Hundreds of soldiers from the base have been killed in Afghanistan and Iraq; thousands more have been injured. In the past 15 years, there have been service members who have deployed eight, nine, 10 times.

Today, Fort Bragg paused to remember that day when everything changed: Taps was performed on the main post parade field for a remembrance ceremony, and wreaths were laid.

A narrator read the cold, hard facts from that September morning in 2001, using military times for the planes crashing:

0-845.

0-903.

0-937.

And the exactly number of deaths that day: 2,996 men, women and children.

Major General Clayton Hutmacher served as guest speaker, keeping his written remarks brief.

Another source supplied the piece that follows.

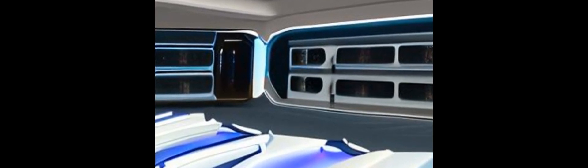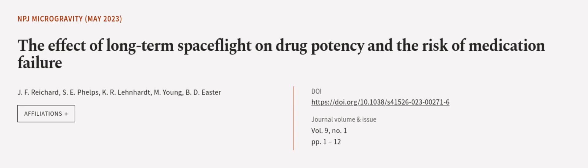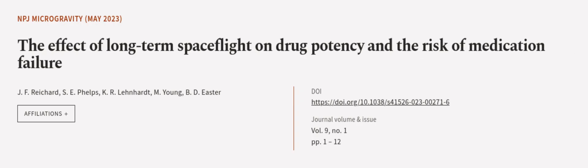Non-protective repackaging was found to be the most. This article was authored by J.F. Reichard, S.E. Phelps, K.R. Lenhardt, and others. We are article.tv, links in the description below.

Among the most poignant remarks, though, came from a Fayetteville native, Spc. William Clayton, who was eight years old on the morning when everything changed, and his life course was set.

"Family tradition, for one, but after 9/11 happened I was pretty much determined to join the military and do my portion," Clayton said. "Growing up, we all learned that if you really love something and want to protect something, you fight for what you're trying to protect."

The ceremony then included the firing of a gun volley.

At Fort Bragg, thousands of soldiers have come into the ranks in the last decade and a half, knowing full well they'd be going to the battlefield.

Sept. 11 drove them to a sense of duty, and thousands of those troops are still in Afghanistan.

There are new menaces, too—the so-called Islamic State, for one.

Fort Bragg knows well that the sacrifices from 9/11 are still being made.